With nothing left out, give the data back exactly.
==== Provided entries ====
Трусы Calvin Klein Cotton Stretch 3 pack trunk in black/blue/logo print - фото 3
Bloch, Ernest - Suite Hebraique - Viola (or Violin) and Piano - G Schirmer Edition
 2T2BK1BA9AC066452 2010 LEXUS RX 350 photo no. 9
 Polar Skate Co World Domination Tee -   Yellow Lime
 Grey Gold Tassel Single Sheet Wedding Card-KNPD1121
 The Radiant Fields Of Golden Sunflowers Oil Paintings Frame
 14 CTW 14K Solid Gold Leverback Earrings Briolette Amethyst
====
» Response area
Трусы Calvin Klein Cotton Stretch 3 pack trunk in black/blue/logo print - фото 3
Bloch, Ernest - Suite Hebraique - Viola (or Violin) and Piano - G Schirmer Edition
 2T2BK1BA9AC066452 2010 LEXUS RX 350 photo no. 9
 Polar Skate Co World Domination Tee -   Yellow Lime
 Grey Gold Tassel Single Sheet Wedding Card-KNPD1121
 The Radiant Fields Of Golden Sunflowers Oil Paintings Frame
 14 CTW 14K Solid Gold Leverback Earrings Briolette Amethyst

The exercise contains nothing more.